The Department of Education is considering outsourcing the restructuring of DOE schools that haven't made Adequate Yearly Progress gains. They are considering the National Center on Education and the Economy or America's Choice, ETS Pulliam and the Edison Group to start with. These contracts will cost between $200,000 and $400,000 per school.
America's Choice is the product of the reform movement that came out of the '80s following the "A Nation at Risk" report. It has been in some Hawai'i schools for six or seven years.
If the state is really going to buy this expensive package, then someone needs to talk to teachers on the front line who bought into it and didn't see overwhelming success. The Hawai'i State Assessment scores didn't rocket off the planet.
America's Choice disintegrates in its aligning instruction to National Standards, not Hawai'i State Standards. The America's Choice curriculum has to be modified to improve the reading comprehension strategies to better fit the Hawai'i State Standards. Reading 25 books a year leads to a lot of bean counting and not enough development of comprehension skills. America's Choice is big on writing, which is not a testing priority for the Hawai'i State Assessment.
America's Choice writing is compartmentalized to Report Writing for third grade, Response to Literature for fourth grade, Report Writing for fifth grade and Persuasive Writing for sixth grade. However, report writing, persuasive writing, response to literature, narrative and functional writing have to be taught in every grade from kindergarten to sixth for students to be able to perform successfully on the Hawai'i State Assessment. Reading responses for the Hawai'i State Assessment test require this kind of writing competence.
On the surface, the structure and common culture of America's Choice are impressive, but the content of the curriculum doesn't get the job done. In one instance, a teacher gave up teaching the America's Choice curriculum and concentrated on comprehension skills and writing constructed responses for the Hawai'i State Assessment. Her scores rose to 61 percent.
Students need to have lots of experience with constructed response questions to practice on in reading and math. This has to be an add-on to any program. Other America's Choice schools have added and modified the curriculum to better fit the demands of the Hawai'i State Assessment. America's Choice is saying its program requires "fidelity" to assure the standards are met.
ETS Pulliam has been the most impressive support for the implementation of Hawai'i State Standards. It developed the focus on Hawai'i State Standards and monitoring instruction through assessment to improve student achievement. Its coaching has provided the greatest return in student gains on our interim state assessments.
They, too, promote management by walking around, establishing instructional goals and monitoring the evidence in the classroom. Teacher meetings focus on pacing the standards to be met. It has been a tremendous shift in instructional planning to assessment and then instruction to support the students based on the information from the assessments.
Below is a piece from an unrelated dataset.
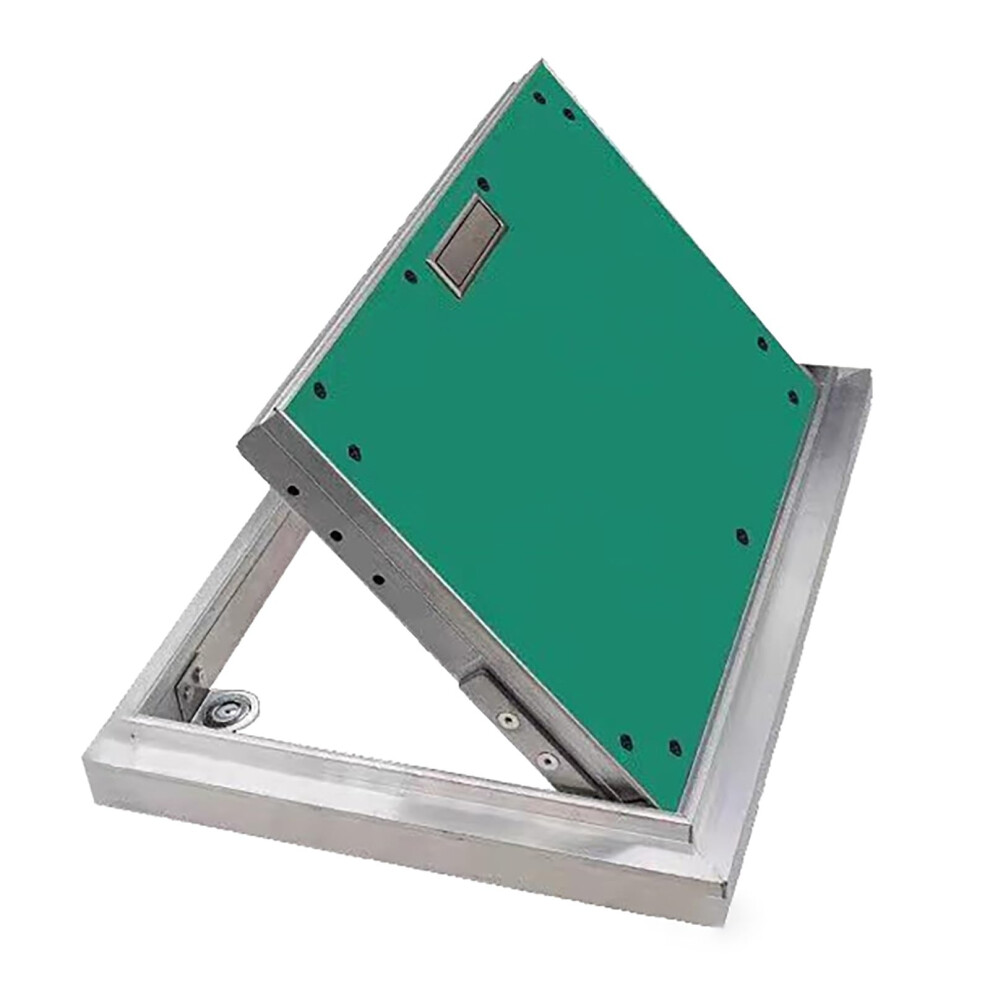 Flush Mount Drywall Access Door 30X73in Paintable Panel With Magnetic Lock For Plumbing 9113335000957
We have visited and revisited the State Standards and the "tool kit" to better understand what the instruction and assessment look like from the Hawai'i State perspective.
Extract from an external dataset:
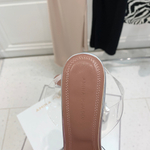 Amina Muaddi Pumps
Pulliam as a consultant encourages teachers to meet to discuss better ways to bring students up to attaining the standards. The emphasis is on balancing the instructional load so that struggling students can be tutored to make the gains.
It would be better for the state if the heads at the DOE state level came down on a regular basis to the school to see what is working and implement those strategies unilaterally with a common culture. This kind of articulation wouldn't cost any more than the state salaries we are already paying. It could be called "Hawai'i's Choice."
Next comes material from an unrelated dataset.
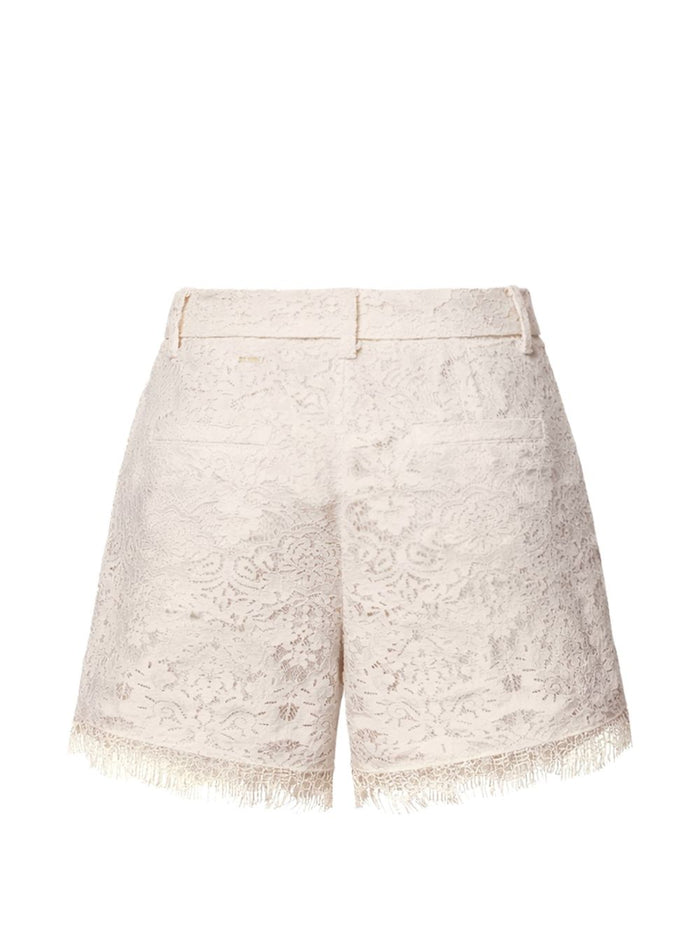 Twin-set Shorts Madreperla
What do they mean when they say the state is taking over the restructured school? The state has been in charge of the schools all this time. How does that make it different?
Further, it plans to rehire the retired principals. When they were principals, the standards weren't met, but when they retired, they found some magic to fix the problem?
Where will the money come from to support restructuring as the Adequate Yearly Progress bar goes up each year and more schools fall into the restructuring pool? Is the state really going to commit $200,000 to $400,000 per school for 75 percent of the schools in the state? Where is this money coming from? Title I?
In the end, it's called "Do more with less." That's what taking Title I money from the school does.
Maybe the restructuring needs to be at the top. It might be cheaper and more effective.
Kalaukieleula Hergenrader is a public-school teacher from Wahiawa. She wrote this commentary for The Advertiser.